- _What to produce_
For this exercise, repeat exactly the lines below starting at the line holding "Jackson Duvet Collection - White/Ocean" and ending at the line holding "Perignano House |", both included, with no extra lines and no pictures.

** Opening Available data block **

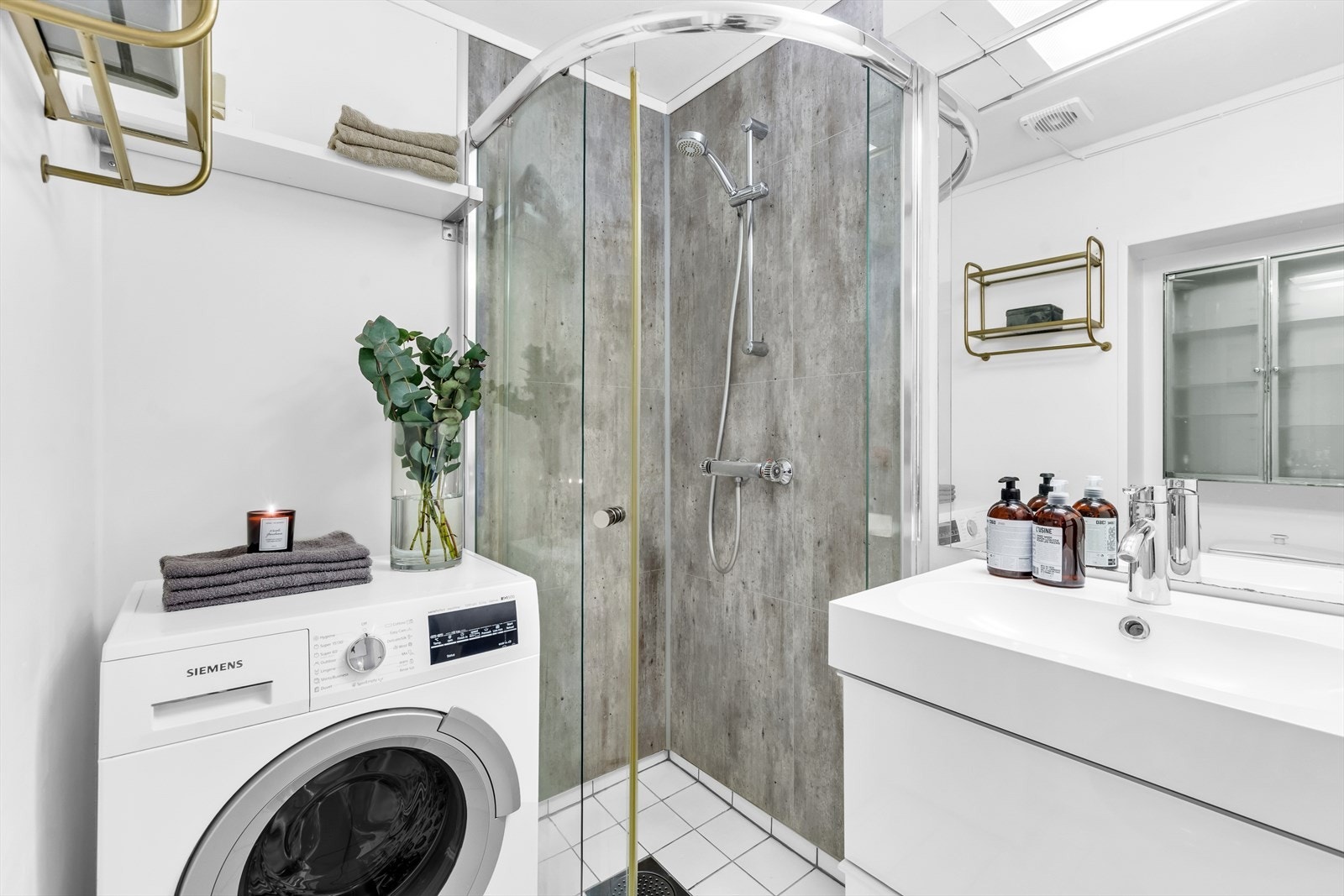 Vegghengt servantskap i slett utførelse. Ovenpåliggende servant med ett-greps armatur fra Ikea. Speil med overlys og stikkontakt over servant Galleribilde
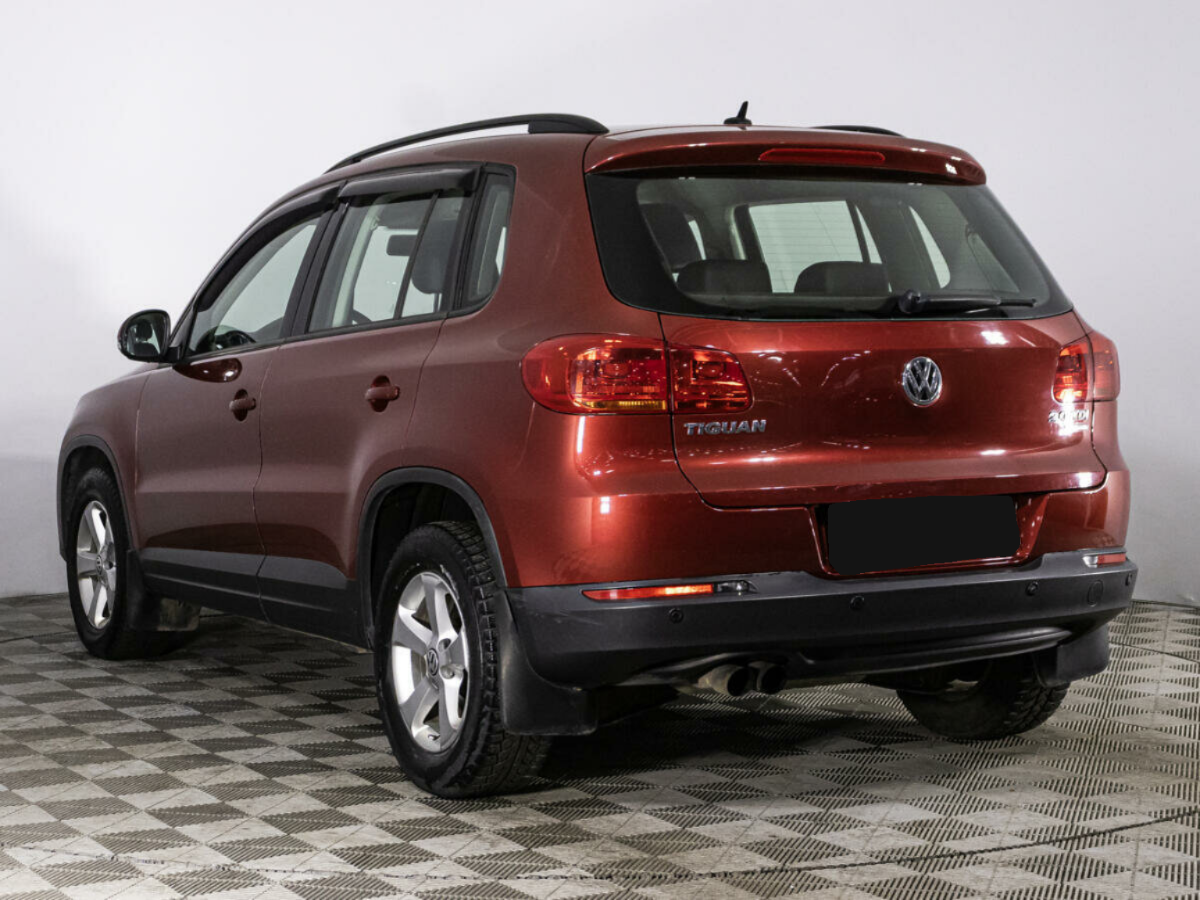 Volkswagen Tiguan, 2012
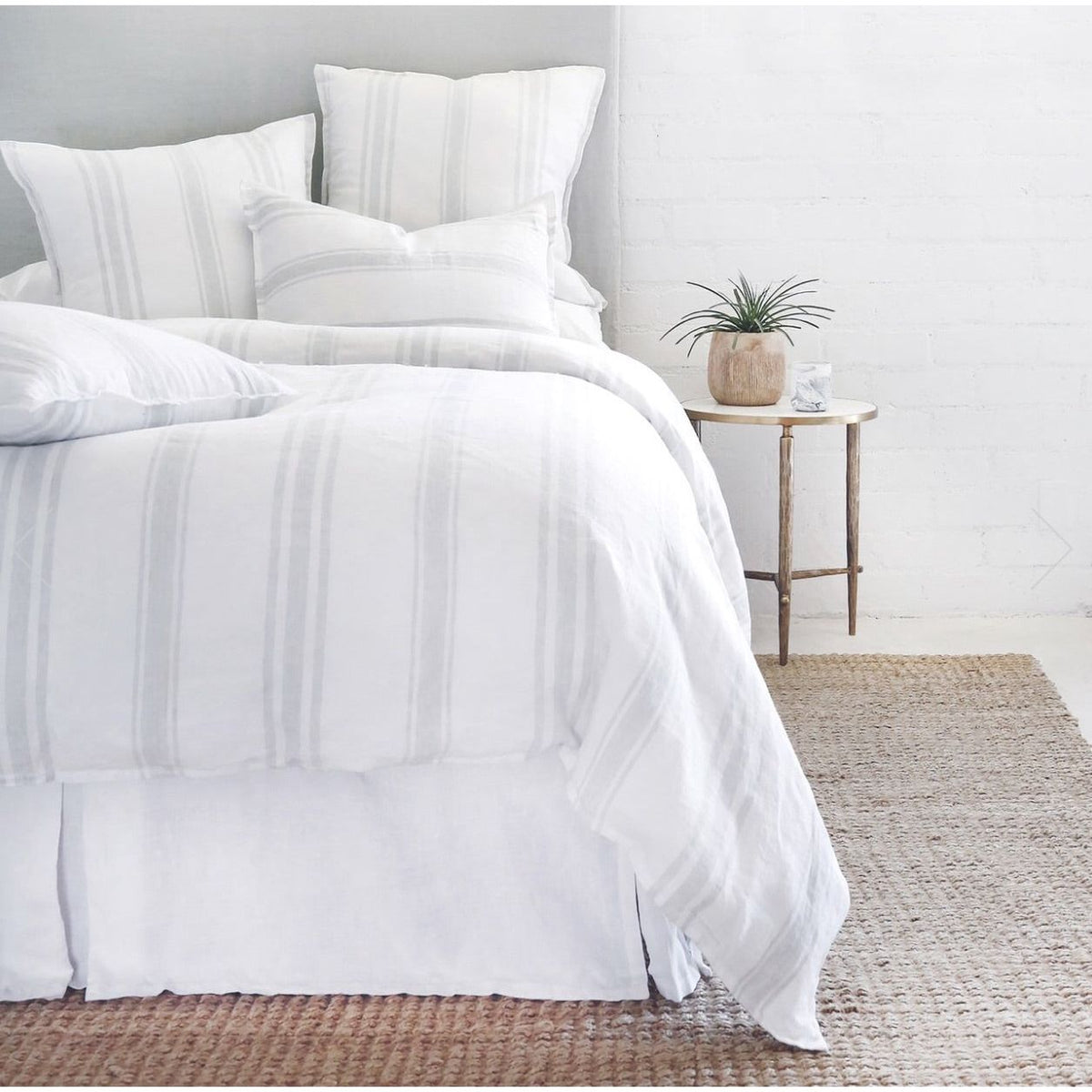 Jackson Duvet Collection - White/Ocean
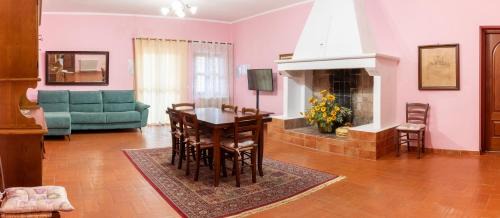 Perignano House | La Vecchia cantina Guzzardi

** Closing Available data block **
** Opening Available data block **

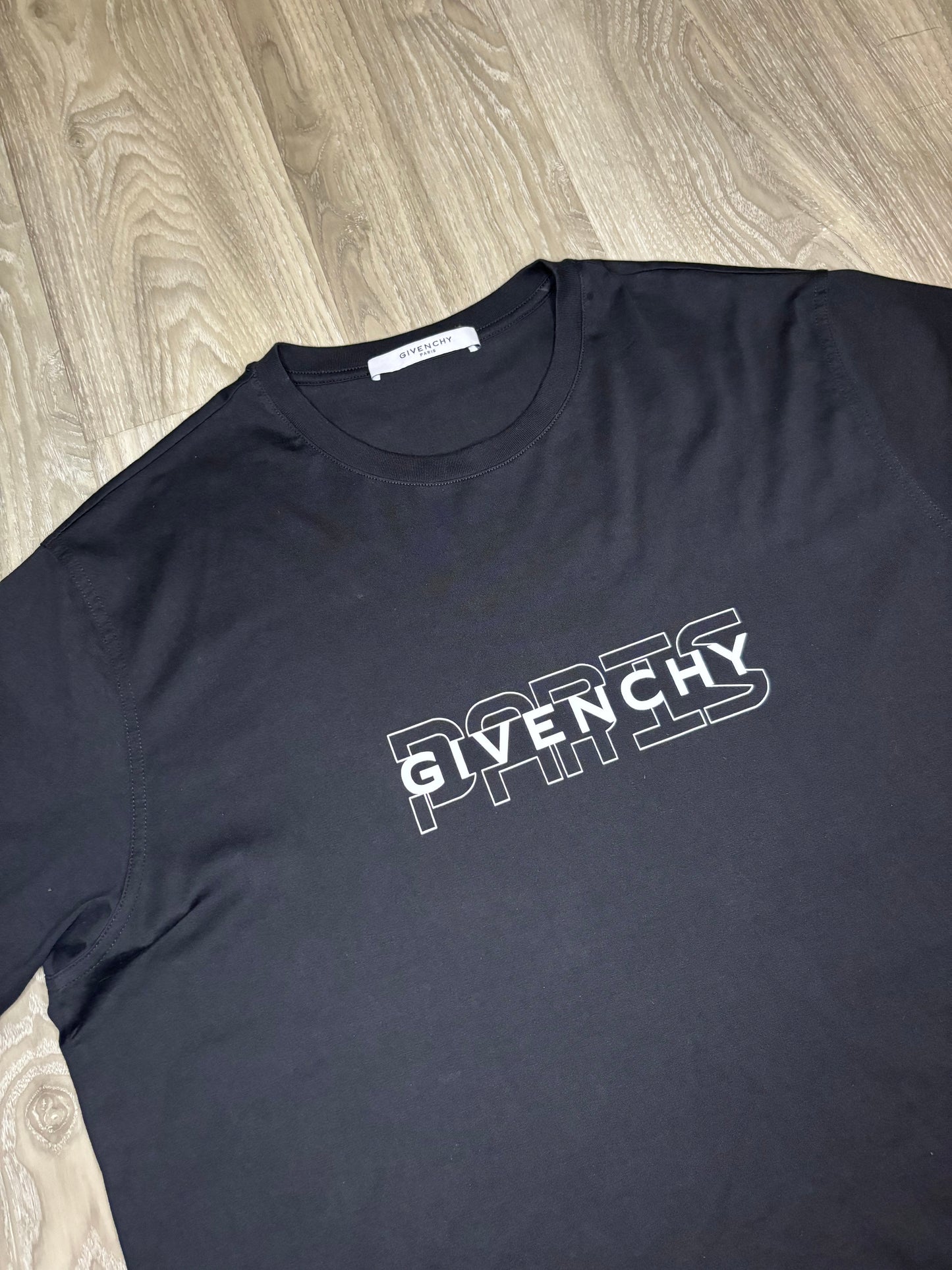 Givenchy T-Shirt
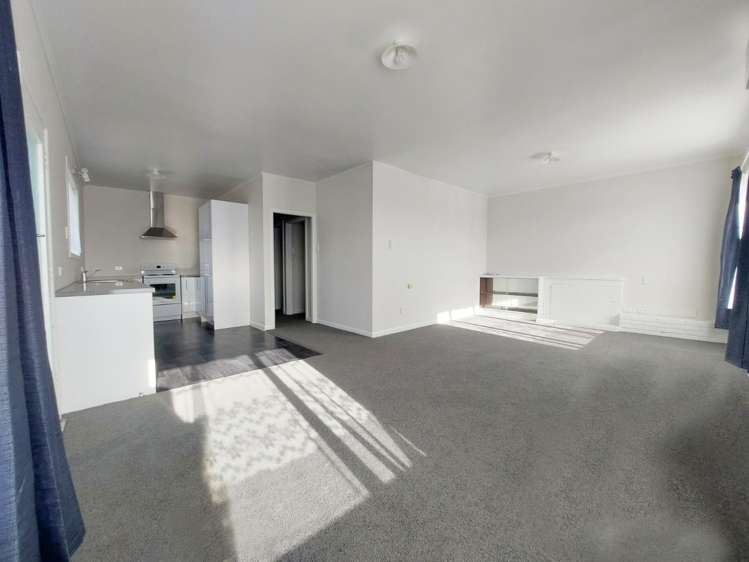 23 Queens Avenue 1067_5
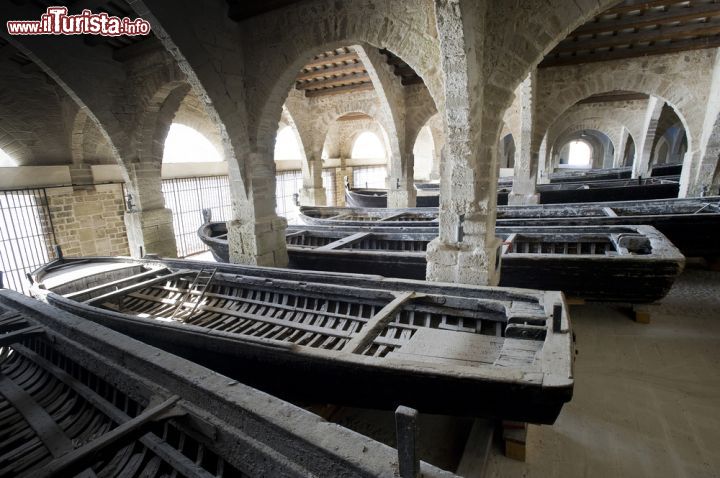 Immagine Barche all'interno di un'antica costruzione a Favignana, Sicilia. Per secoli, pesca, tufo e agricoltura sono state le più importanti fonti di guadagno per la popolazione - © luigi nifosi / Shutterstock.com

** Closing Available data block **

- _The completed task_
 Jackson Duvet Collection - White/Ocean
 Perignano House | La Vecchia cantina Guzzardi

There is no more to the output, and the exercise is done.